Friday, 22 July 2016

calculus - Why does the antiderivative of $frac{1}{x}$ have to be $0$ at precisely $x=1$? (when $C = 0$)




Why does $\log{x}$ represent the area below the graph of $f(x)=\frac{1}{x}$ from $1$ to $x$? What's so special about $1$ in this case?



Of course I understand that $\log{1}=0$ and I also understand that you cannot start at $x=0$ because $f(0)$ is not defined.



Still I can't get my head around of why it has to be $1$.



Also, this further implies that part of the antiderivative of $f(x)=\frac{1}{x}$ has to be negative (as part of the function of $\log{x}$ is negative). But why is this necessary?



The background of this question is that my calculus-book (Calculus, a complete course) starts with noticing that $f(x)=\frac{1}{x}$ is not an antiderivative of a polynomial function and then attempts to define a antiderivative which ends up being $\log{x}$. It does this all before even addressing the fundamental theorem of calculus or techniques of integration. They then simply define $log(1)$ to be $0$ without even knowing what that function really is yet.
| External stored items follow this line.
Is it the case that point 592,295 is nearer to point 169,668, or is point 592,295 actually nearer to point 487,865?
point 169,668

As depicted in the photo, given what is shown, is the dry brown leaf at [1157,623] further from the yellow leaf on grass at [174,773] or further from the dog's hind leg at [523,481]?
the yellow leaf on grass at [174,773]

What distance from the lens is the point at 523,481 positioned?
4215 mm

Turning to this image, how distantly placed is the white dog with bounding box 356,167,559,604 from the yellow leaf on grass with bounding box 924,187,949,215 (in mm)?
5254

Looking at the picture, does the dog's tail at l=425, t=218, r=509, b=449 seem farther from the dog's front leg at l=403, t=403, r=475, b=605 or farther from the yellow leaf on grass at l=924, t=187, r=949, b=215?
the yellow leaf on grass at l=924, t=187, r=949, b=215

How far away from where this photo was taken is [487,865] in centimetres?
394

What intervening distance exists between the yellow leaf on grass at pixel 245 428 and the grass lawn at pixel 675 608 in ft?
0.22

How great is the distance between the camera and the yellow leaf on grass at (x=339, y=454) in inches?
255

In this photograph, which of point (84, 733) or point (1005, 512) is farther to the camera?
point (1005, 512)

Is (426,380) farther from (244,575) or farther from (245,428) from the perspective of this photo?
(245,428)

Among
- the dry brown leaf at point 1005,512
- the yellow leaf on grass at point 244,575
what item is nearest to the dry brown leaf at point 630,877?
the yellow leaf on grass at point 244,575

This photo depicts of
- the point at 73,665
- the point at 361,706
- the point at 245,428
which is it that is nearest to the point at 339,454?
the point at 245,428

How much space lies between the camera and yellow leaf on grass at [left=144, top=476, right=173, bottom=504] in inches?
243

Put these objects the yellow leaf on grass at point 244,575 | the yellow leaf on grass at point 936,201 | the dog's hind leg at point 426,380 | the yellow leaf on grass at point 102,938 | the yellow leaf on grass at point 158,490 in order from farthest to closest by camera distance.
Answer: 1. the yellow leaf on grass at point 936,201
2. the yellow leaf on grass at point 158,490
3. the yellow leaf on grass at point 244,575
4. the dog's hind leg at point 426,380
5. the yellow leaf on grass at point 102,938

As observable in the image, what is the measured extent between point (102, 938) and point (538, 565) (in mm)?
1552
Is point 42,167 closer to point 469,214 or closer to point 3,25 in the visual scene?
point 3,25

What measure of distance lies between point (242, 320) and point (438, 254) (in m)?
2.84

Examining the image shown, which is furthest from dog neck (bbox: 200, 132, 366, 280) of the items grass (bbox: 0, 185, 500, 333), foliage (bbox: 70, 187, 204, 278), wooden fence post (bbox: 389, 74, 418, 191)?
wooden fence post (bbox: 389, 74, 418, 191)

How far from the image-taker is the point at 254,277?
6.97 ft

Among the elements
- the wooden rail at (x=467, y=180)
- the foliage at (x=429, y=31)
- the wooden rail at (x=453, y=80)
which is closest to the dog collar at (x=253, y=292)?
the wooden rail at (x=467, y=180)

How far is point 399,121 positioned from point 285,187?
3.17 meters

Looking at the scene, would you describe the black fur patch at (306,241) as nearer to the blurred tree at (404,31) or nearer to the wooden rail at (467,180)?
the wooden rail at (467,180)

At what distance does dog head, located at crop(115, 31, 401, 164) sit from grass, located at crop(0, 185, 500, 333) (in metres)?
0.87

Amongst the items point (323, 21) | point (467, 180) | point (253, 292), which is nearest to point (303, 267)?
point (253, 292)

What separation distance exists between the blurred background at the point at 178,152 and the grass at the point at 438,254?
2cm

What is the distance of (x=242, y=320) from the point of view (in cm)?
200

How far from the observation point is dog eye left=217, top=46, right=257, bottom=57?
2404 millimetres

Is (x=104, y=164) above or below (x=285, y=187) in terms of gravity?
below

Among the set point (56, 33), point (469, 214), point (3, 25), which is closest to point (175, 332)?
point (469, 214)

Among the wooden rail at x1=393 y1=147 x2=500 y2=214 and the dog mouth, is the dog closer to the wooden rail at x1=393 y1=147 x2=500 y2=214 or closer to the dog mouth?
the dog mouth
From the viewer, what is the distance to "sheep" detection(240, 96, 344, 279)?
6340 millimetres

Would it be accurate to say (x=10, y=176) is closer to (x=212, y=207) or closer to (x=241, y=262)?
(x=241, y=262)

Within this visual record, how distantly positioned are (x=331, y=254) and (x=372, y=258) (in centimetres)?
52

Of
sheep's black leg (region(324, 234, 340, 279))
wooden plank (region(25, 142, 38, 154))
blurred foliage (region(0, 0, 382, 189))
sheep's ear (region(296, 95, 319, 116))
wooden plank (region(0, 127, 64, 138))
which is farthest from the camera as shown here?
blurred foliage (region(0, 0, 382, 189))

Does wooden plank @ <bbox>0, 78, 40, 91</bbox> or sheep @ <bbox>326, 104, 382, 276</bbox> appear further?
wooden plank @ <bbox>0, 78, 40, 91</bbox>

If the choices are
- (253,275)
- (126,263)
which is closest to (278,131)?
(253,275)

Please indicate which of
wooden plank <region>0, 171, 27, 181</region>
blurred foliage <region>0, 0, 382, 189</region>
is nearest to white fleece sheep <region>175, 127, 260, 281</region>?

So I am stuck with kind of a circular reasoning where log(1)=0 because we defined it that way, but I don't understand why we define it that way.
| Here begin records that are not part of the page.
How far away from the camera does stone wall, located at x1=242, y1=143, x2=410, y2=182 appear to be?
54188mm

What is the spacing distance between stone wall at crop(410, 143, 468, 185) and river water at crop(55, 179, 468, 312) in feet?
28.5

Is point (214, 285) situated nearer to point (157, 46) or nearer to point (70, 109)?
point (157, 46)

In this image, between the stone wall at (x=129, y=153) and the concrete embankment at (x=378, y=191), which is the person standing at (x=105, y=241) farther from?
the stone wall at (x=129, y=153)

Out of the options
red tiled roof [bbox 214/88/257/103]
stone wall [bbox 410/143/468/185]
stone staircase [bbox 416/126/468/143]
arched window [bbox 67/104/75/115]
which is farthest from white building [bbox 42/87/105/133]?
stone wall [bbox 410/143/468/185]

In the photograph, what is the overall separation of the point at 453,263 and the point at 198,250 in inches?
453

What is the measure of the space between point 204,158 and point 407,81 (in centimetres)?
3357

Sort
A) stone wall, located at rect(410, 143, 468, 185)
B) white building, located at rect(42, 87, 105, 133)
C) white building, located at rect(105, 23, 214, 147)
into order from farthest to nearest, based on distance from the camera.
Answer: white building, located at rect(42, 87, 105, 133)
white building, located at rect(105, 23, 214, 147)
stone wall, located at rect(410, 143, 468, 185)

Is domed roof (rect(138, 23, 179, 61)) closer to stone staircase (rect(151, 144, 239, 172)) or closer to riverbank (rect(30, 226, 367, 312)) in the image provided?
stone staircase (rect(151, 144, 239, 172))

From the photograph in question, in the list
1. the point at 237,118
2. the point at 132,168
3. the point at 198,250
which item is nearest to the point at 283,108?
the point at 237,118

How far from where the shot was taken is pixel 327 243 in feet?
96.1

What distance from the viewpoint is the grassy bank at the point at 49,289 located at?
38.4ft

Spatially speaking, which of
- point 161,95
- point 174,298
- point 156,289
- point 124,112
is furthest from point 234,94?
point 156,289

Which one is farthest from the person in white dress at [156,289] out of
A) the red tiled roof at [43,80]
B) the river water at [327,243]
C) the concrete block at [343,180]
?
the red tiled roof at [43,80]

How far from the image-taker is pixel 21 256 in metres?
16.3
When calculating areas under graphs by taking the limit of a sum (instead of by integration), you would start at $x=0$ right?
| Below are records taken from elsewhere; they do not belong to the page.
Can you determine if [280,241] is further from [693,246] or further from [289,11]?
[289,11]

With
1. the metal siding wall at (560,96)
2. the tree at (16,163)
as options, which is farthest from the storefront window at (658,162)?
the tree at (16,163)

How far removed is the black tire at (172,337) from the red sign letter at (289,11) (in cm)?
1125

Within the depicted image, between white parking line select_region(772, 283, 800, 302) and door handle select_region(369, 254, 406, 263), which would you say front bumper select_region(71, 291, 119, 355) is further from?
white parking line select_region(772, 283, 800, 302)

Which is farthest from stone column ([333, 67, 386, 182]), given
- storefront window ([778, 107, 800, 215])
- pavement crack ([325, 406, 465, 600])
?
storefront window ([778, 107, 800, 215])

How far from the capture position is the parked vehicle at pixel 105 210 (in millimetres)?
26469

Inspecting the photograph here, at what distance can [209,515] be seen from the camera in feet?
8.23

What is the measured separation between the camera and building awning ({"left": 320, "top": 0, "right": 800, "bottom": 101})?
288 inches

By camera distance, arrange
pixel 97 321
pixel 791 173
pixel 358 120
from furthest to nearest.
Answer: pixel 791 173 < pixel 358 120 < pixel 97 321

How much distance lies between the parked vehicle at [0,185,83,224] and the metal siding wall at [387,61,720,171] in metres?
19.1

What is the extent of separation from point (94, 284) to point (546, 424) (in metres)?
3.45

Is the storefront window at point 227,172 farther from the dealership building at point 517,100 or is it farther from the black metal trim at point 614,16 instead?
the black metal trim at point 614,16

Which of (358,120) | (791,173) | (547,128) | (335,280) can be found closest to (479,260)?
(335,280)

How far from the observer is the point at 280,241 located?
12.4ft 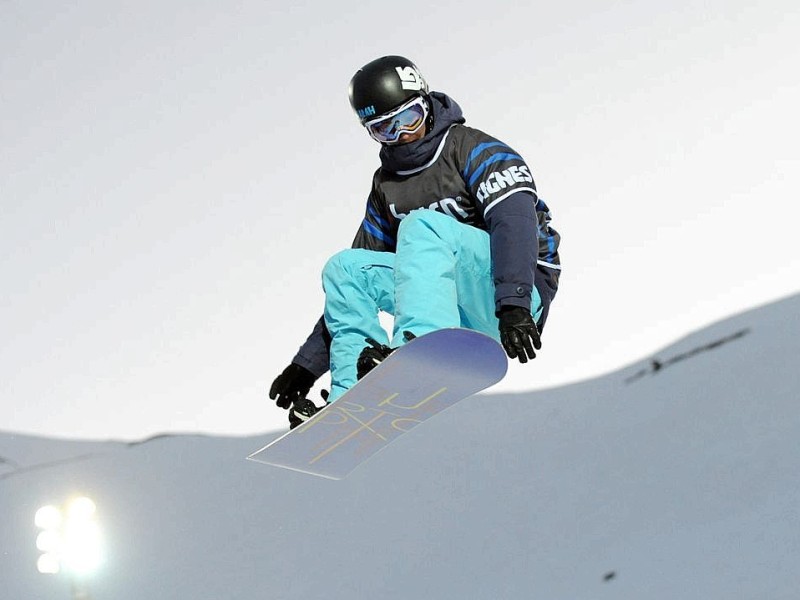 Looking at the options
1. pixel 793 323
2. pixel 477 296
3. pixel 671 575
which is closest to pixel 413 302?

So in short: Why does the antiderivative of $\frac{1}{x}$ have to be $0$ at precisely $x=1$? (when $C = 0$). Why do we define it that way?



I am looking for some kind of deeper understanding; something still didn't "click". So some real background on what's going on here would be much appreciated.



Thanks!


Answer



What is "the" anti-derivative of $x\mapsto x+3$? Well, there isn't really a "the" here. For any constant $C$, the map $x\mapsto\frac12x^2+3x+C$ ia an anti-derivative. It looks like $x\mapsto \frac12x^2+3x$, obtained by picking $C=0$ plays a special role among the anti-derivatives, but it doesn't. Somebody else might rightfully describe the family of anti-derivatives of $x\mapsto x+3$ as $x\mapsto \frac12(x+3)^2+C$ (and in fact this can happen in a systematic way by using the substitution rule when integrating), again with $C$ an arbitrary constant, but unrelated to the $C$ used above. Of course, if we set $C=0$ in this description, we arrive at $x\mapsto (x+3)^2$, not the same function as $x\mapsto \frac12x^2+3x$. So is one of them "better" than the other? This may be the case depending on context (e.g., the second form tells us immediately where the apex of the parabola is), but there is no general notion of better.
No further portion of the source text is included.